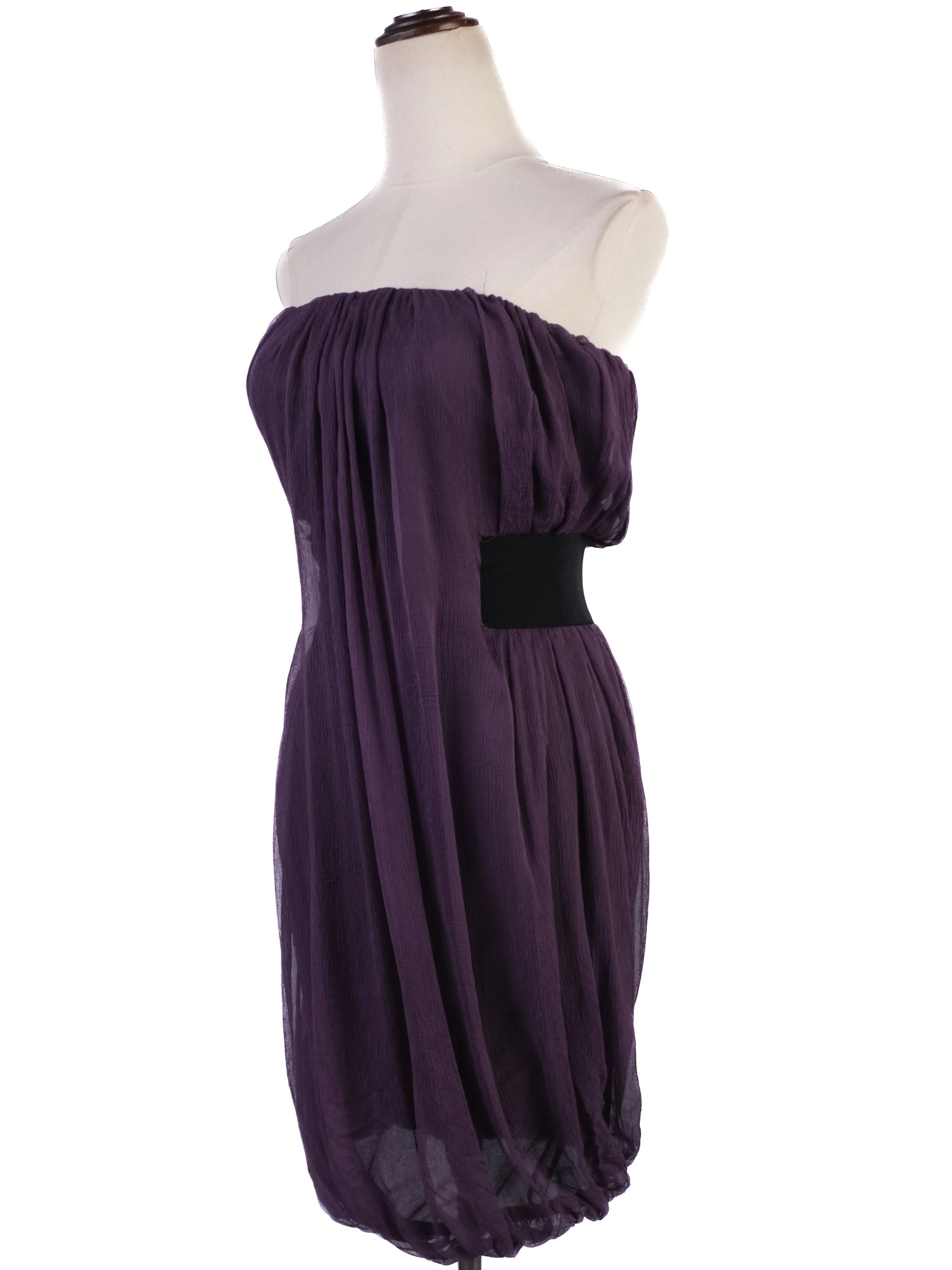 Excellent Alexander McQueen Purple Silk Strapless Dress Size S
==
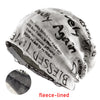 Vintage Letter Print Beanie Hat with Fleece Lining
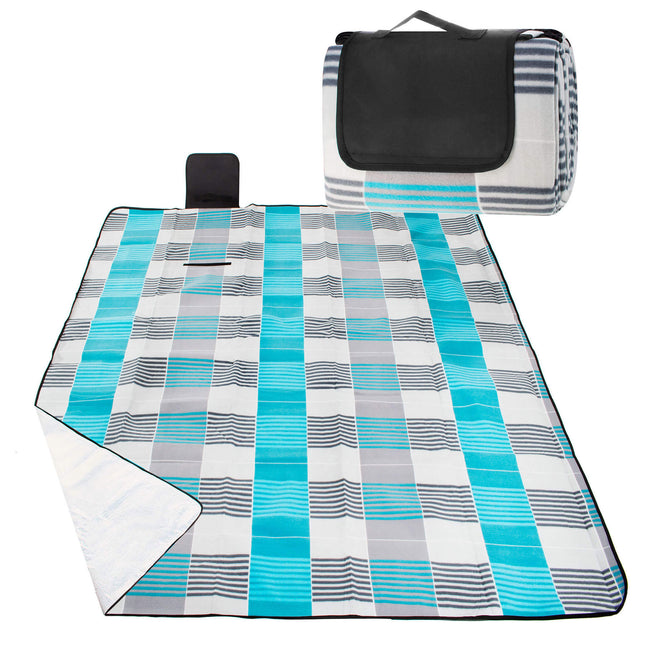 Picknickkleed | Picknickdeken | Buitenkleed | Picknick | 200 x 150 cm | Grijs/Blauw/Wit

Activity: From the material above, output only the span of lines that starts at the one containing "Vintage Letter Print" and finishes at the one containing "Picknickkleed | Picknickdeken", word for word and free of pictures.

Task solution:
 Vintage Letter Print Beanie Hat with Fleece Lining
 Picknickkleed | Picknickdeken | Buitenkleed | Picknick | 200 x 150 cm | Grijs/Blauw/Wit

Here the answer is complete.